La question que nous devons nous poser est de savoir si ce modèle est efficient. Ce que l’on peut dire, c’est qu’il va permettre d’atteindre les objectifs de la couverture intégrale, soit plus de 40 millions de logements et de locaux à raccorder d’ici à 2025. Nous pouvons constater que le rythme des déploiements est soutenu, de l’ordre de 4, 8 millions de prises en 2019 ; quasiment le même nombre est attendu en 2020, malgré la crise sanitaire. Les acteurs privés du secteur investissent de l’ordre de 10 milliards d’euros par an, soit plus de 50 milliards d’euros depuis six ans.
Concernant les zones moins denses, nous partageons l’idée que l’État doit, plus que jamais, continuer d’apporter son soutien financier aux réseaux d’initiative publique portés par les collectivités, afin de sécuriser le déploiement de la fibre dans les territoires isolés ou encore mal desservis.
Comme l’a souligné Jean-François Longeot, notre assemblée a pesé de tout son poids et les crédits complémentaires disponibles s’élèveront à 550 millions d’euros, dont 240 millions issus du plan de relance, ce qui offre enfin une visibilité aux vingt et un départements n’ayant pas complété à ce jour leur plan de financement. Certes, quelques incertitudes demeurent sur le futur cahier des charges, sur les raccordements complexes, mais l’horizon semble dégagé.
Une des particularités du plan de 2013 est d’avoir renforcé l’action du régulateur. Le statut d’autorité indépendante de l’Arcep lui permettra d’exiger des opérateurs qu’ils respectent les engagements contraignants qu’ils ont pris et, le cas échéant, de prendre des sanctions.
À ce titre, le traitement des 43 retards au regard des 445 premiers sites du New Deal de la couverture ciblée sera un véritable test. L’Arcep a toujours su faire preuve de fermeté, si bien que les relations ont parfois été tendues avec les opérateurs. Citons, pour mémoire, la question prioritaire de constitutionnalité, qui démontre, à juste titre, qu’une réflexion sur un éventuel renforcement de ses pouvoirs peut être engagée, notamment sur les impacts environnementaux des réseaux, tout en veillant bien évidemment à l’équilibre des relations entre les acteurs.

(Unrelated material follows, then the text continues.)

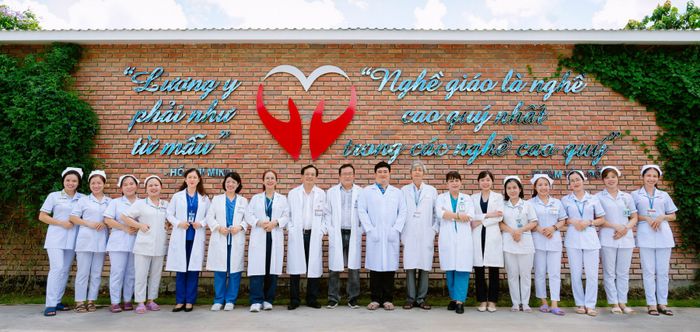 Hình ảnh 1 - Bệnh viện Trường Đại học Y Dược Cần Thơ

De même, l’Arcep devra s’approprier de nouveaux sujets. Ainsi, dans les zones très denses où les déploiements sont sous la totale responsabilité de l’initiative privée, on constate des retards : c’est notamment le cas à Bobigny, à Lille et à Clermont-Ferrand. Ces retards sont-ils fortuits ou dus aux stratégies commerciales de certains opérateurs, qui ne veulent pas se départir d’abonnements souscrits en ADSL ? L’Autorité devra y répondre.
Enfin, la qualité des raccordements finaux et les malfaçons dues à une cascade de sous-traitants conduisent parfois à ce que l’Avicca (Association des villes et collectivités pour les communications électroniques et l’audiovisuel) appelle des « paquets de nouilles » et constituent un sujet de préoccupation qui risque de dégrader la performance de connexion.
Nous remercions donc le groupe CRCE de nous permettre de débattre de ce sujet, mais considérant qu’une partie des réponses aux questionnements posés par cette proposition de résolution est déjà apportée, le groupe Socialiste, Écologiste et Républicain s’abstiendra.